Tiempo atrás, en los 90, eran muy habituales los episodios de serias complicaciones derivados de las partículas y, sobre todo, de la concentración de azufre en el aire. Un problema que se ha ido solucionando con medidas como las subvenciones al cambio de calderas de carbón por otras de combustible menos contaminantes.

Pero en el caso del dióxido de carbono, las autoridades municipales reconocen que siguen teniendo un problema.
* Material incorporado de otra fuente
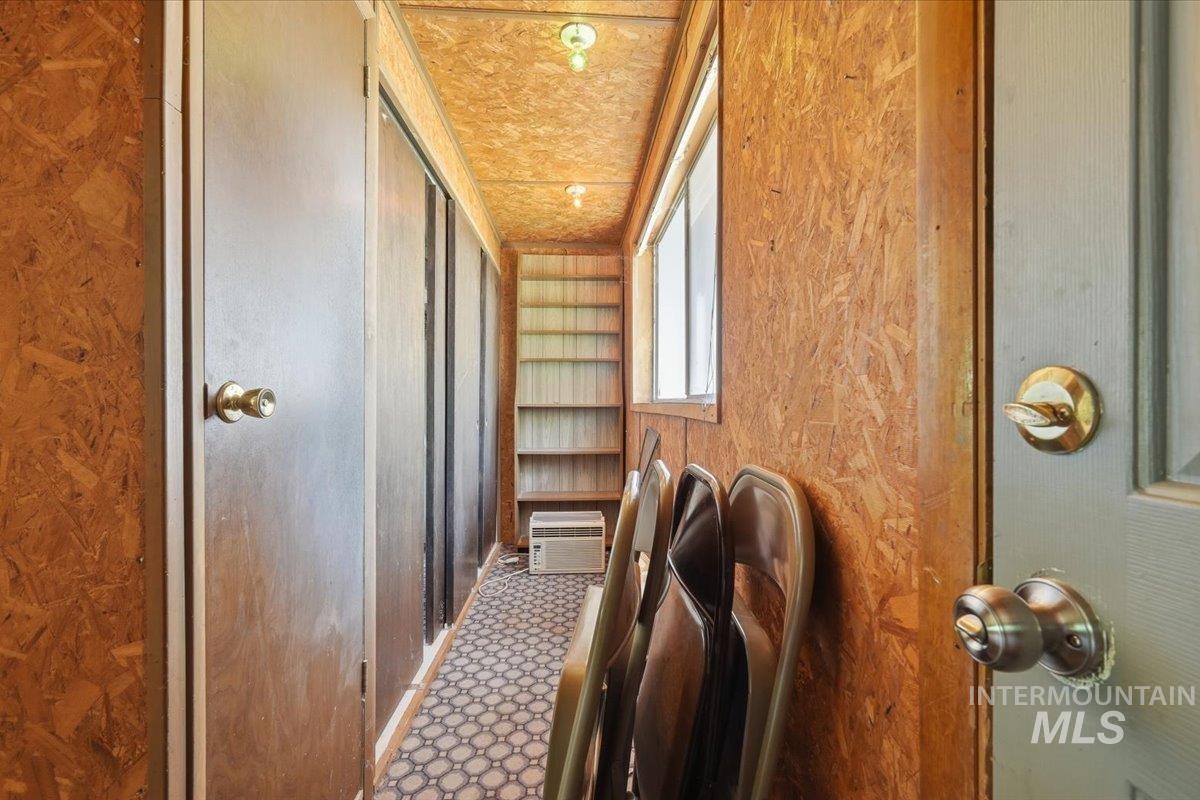 18177 Batt Corner Property Photo 11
Las medidas tomadas al respecto, a través primero de la Estrategia Local de la calidad del Aire (año 2006) y luego del Plan de Calidad del Aire (2011-2015) han logrado que los niveles de este contaminante hayan bajado un 30 por ciento en los últimos diez años, y un 22 por ciento desde 2011. Pero siguen superándose los límites que fija la normativa europea.
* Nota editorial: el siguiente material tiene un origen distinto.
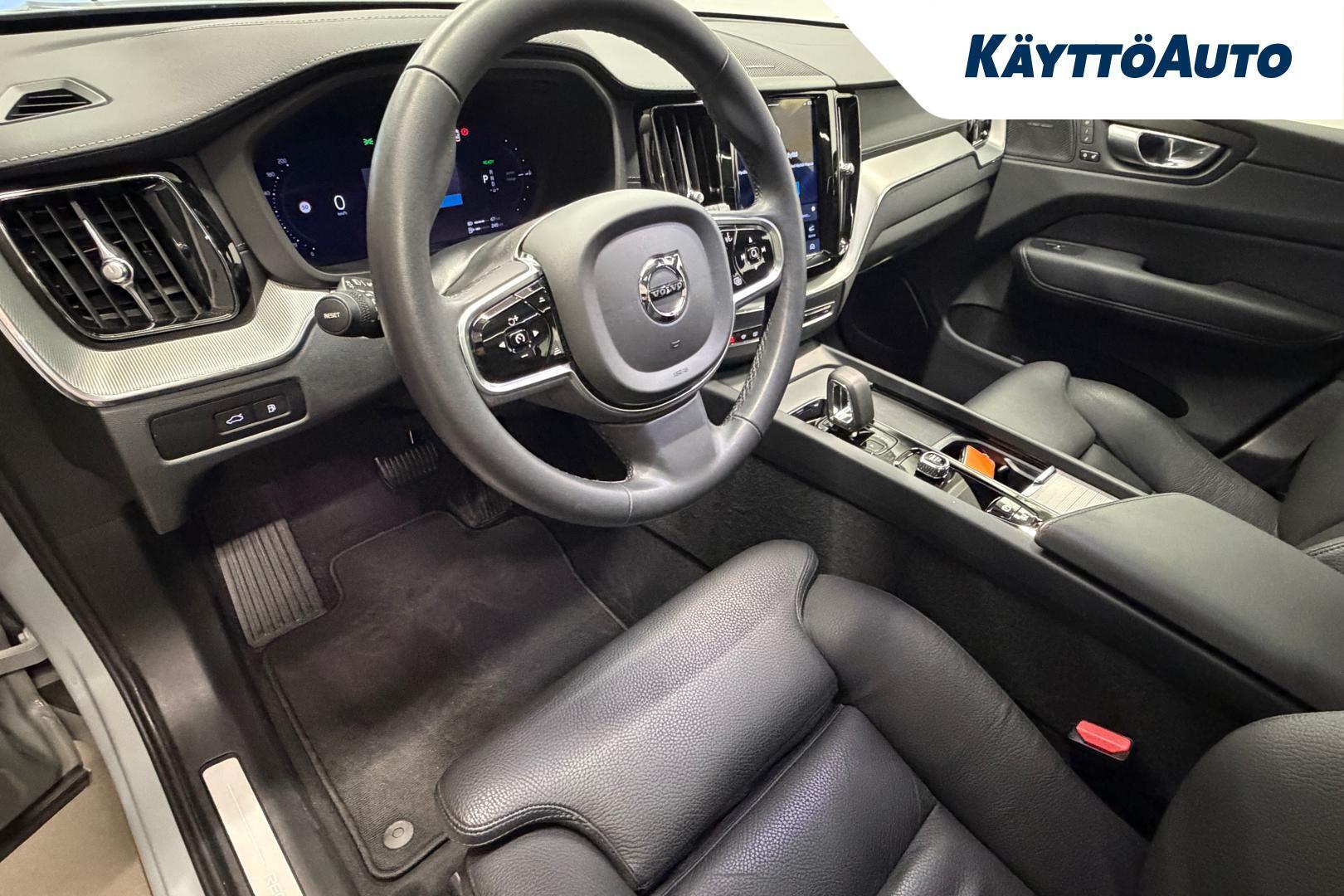VOLVO XC60 2023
La famosa «boina» que se cierne sobre la ciudad prácticamente cada año con la llegada del invierno es producto directo de la acción del tráfico rodado -dos millones de vehículos están matriculados en la capital, y a ellos se suma otro millón que entra cada día en sus calles-. Pero también tiene que ver con ello la llamada «inversión térmica», que se produce cuando se conjugan bajas temperaturas y un anticiclón continuado, que evita movimientos de las masas de aire y perpetúa la presencia de la contaminación hasta que llegan épocas de lluvias o vientos.

El Ayuntamiento trata de combatir estos malos datos en dióxido de nitrógeno con medidas concretas: ha convertido la flota de autobuses de la EMT que circulan por las zonas de bajas emisiones -básicamente, la almendra central- en una flota «limpia», mediante el uso de combustibles alternativos como la electricidad, el gas natural o el gas licuado de petróleo; facilita otros medios de transporte, como las bicicletas; ha puesto en marcha el sistema de aparcamiento inteligente, que encarece a quien quiere aparcar en zonas más saturadas o con vehículos más contaminantes; subvenciona los taxis que cambian por modelos más «verdes»…

La organización Ecologistas en Acción elabora cada año su propio informe sobre la calidad del aire en Madrid basándose en los datos oficiales que «cuelgan» de la página web municipal. En el último, insistía en el problema del dióxido de nitrógeno, pero también daba la voz de alarma sobre otro que está emergiendo: el ozono troposférico, que alcanzó niveles superiores a los considerados aceptables en 13 de las 14 estaciones que miden este elemento.